## What you have to do
Retype the data below verbatim; pictures do not belong in the copy.

## Recorded information
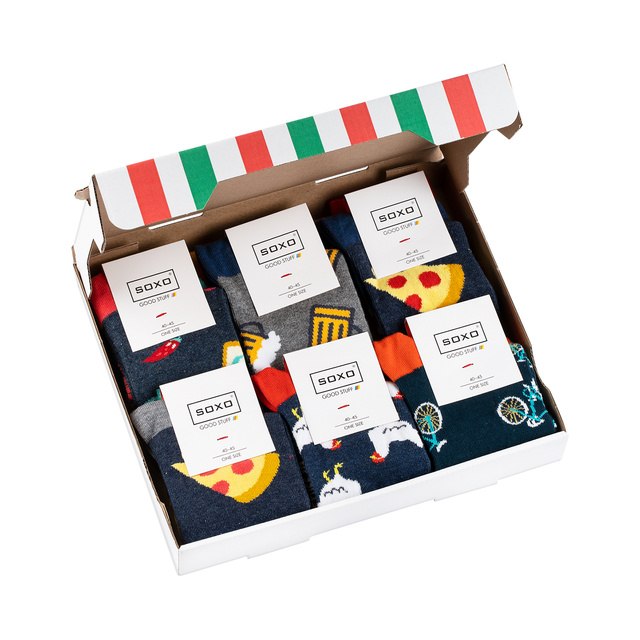 6 Paar von lustigen Socken mit Pizzamotiv einzigartiger Verpackung | Herrensocken | SOXO
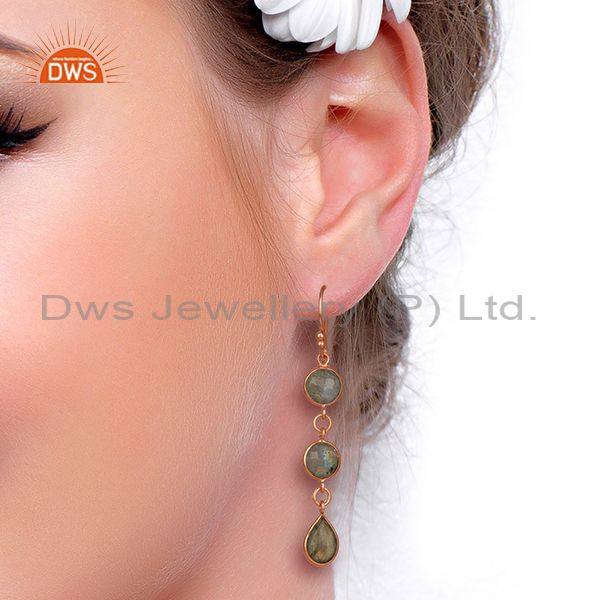Designers 18K Rose Gold Plated Sterling Silver Labradorite Circle Dangle Earrings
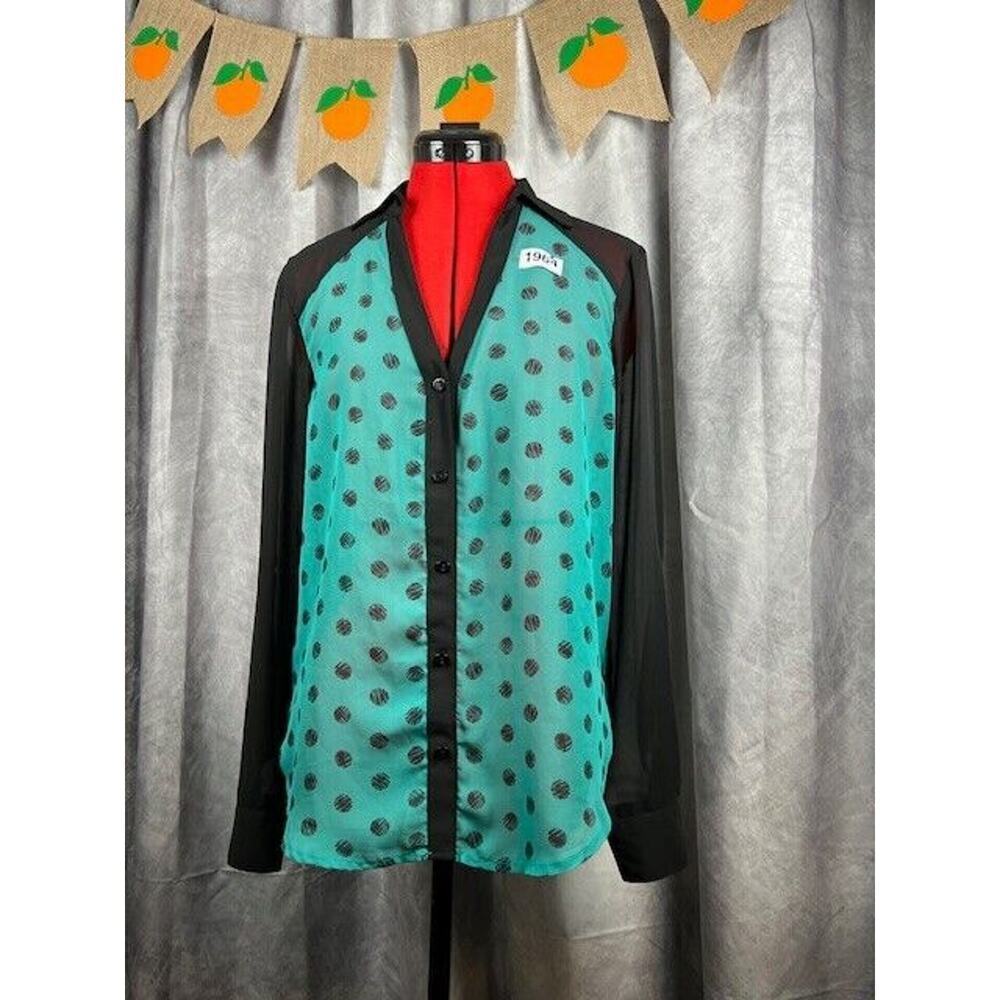 BCX Blouse Womens Green Medium Semi-Sheer Lattice Back Button Front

## Written response
 6 Paar von lustigen Socken mit Pizzamotiv einzigartiger Verpackung | Herrensocken | SOXO
Designers 18K Rose Gold Plated Sterling Silver Labradorite Circle Dangle Earrings
 BCX Blouse Womens Green Medium Semi-Sheer Lattice Back Button Front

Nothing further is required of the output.